*Given information*.
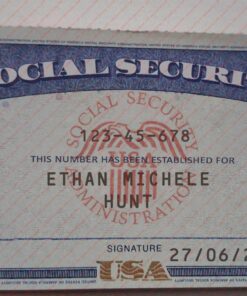 temporary social security card template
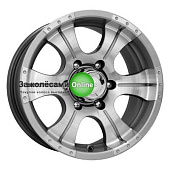 K&K Байконур (КС465М) 8x16/5x139,7 ET0 D110,1 Дарк платинум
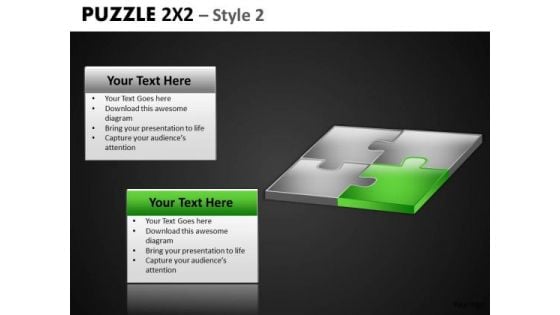 Green Energy Puzzle Piece PowerPoint Slides And Green Puzzle Editable Ppt Templates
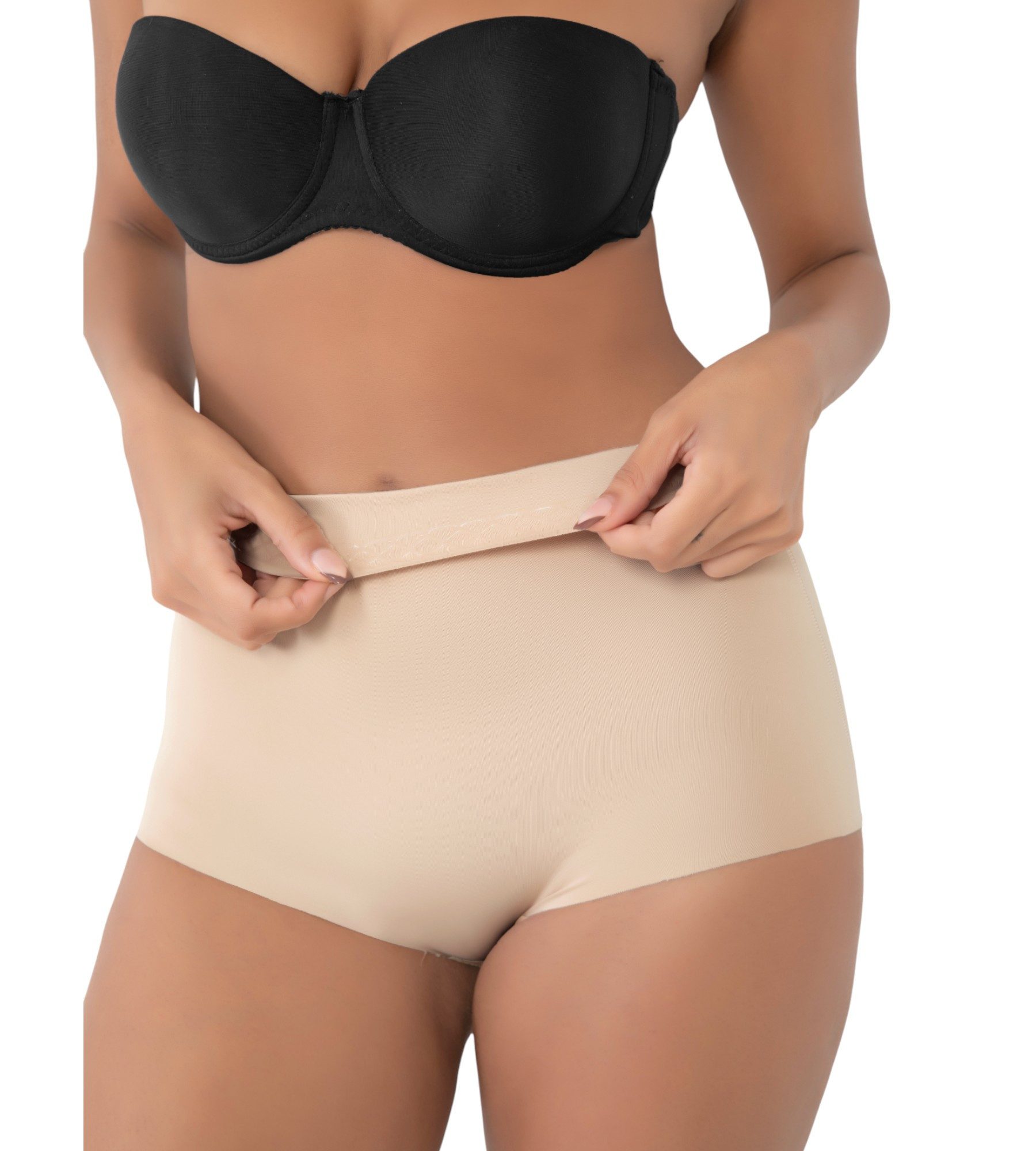 Formangel Miederslip mit hoher Taille und nahtloser Passform, Corsage formend & rutschfest (1-St) Lasergeschnittener Bund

*Problem details*. Would you write out exactly the lines of the data from the one holding "Green Energy Puzzle" to the final line, both included, with pictures left out?

*Output below*.
 Green Energy Puzzle Piece PowerPoint Slides And Green Puzzle Editable Ppt Templates
 Formangel Miederslip mit hoher Taille und nahtloser Passform, Corsage formend & rutschfest (1-St) Lasergeschnittener Bund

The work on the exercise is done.